"When you're building Web applications, [you] have the whole desktop. There are things you can get away with from a design point of view that simply don't translate to a mobile device," notes Eric Knipp, a Gartner analyst specializing in Web and cloud computing. "It's not just about making things smaller or splitting things up into separate screens. Developers have been trained to think that more features equates to better applications, but on mobile devices, that's simply not true."
Who's hiring, and how
All signs indicate there is a healthy demand for mobile app developers, but that demand isn't translating into widespread offers of full-time jobs on corporate IT teams just yet. That's because many companies with lean IT budgets aren't ready to commit to hiring highly specialized, and therefore pricey, mobile development talent.
Some organizations are outsourcing mobile app projects to consulting firms and boutique development shops until they have a more pronounced need.
That's Aspen Skiing Co.'s strategy. To date, the Colorado ski resort has come out with a couple of mobile apps, including a tool that lets managers conduct ad hoc smartphone-based surveys of customers around the resort, and another that gives customers access to an array of resort data, including weather conditions, lift status and daily events.
Since Aspen Skiing doesn't consider software development a core competency and can't accommodate a large IT staff, outsourcing mobile development seemed like the most efficient plan -- at least in the short run -- which is why the company turned to an outside consultancy to develop its mobile apps.
"Mobile is such a rapidly changing environment -- so much of it is tied to what content management tool you use or what devices you want to support," says Paul Major, managing director of IT at Aspen Skiing. "Going outside helps us keep pace."

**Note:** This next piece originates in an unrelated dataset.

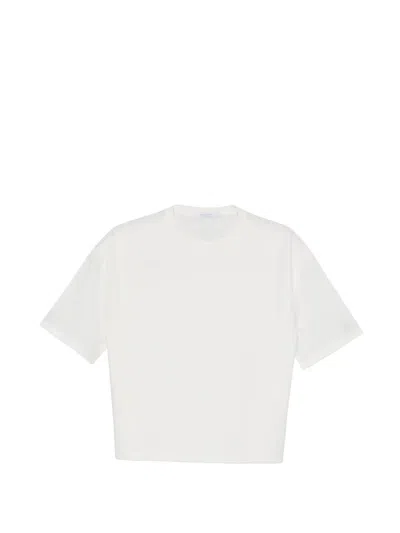Patrizia Pepe Strap T-shirt In White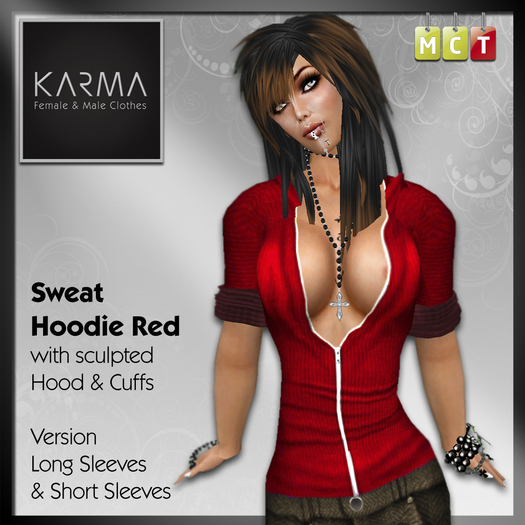 Karma - Zip Hoodie Red (W)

Supermedia, which provides marketing and advertising services for small and midsize businesses, also initially thought outsourcing would be more cost-effective than in-house development.
But a couple of years into its mobile initiative, Supermedia realized the discipline was far too central to its business model to continue paying outside consultants to develop apps, according to Michael Dunn, the company's CIO. A little over a year ago, the firm decided to set up an internal team to build regular updates and to enhance its apps to support the growing number of mobile platforms.
Cognizant of the shortage of skilled development talent, Supermedia took a number of steps to avoid being caught in a crunch.
First, it cross-trained two key internal Java developers to learn the new skills, and then it seeded the rest of its fledgling team with recent college graduates. "The market took off so fast and there was such a huge demand for developers, this let us hire immediately, and it's far more affordable," Dunn explains.
The seasoned Java developers came up to speed pretty quickly on specific Android- and iOS-related skills, Dunn says, thanks to their basic sets of core skills.
With the new domain expertise under their belt, the veteran developers were then able to mentor incoming college graduates, allowing Supermedia to leverage its investment in their training. The new hires "have core development skills and some knowledge of mobile app development -- maybe not on a commercial scale, but they've done it in an academic environment as a project," Dunn explains.
Currently, Supermedia has 10 mobile app specialists within its 150-person developer group, which is part of an enterprise IT staff of nearly 300 people.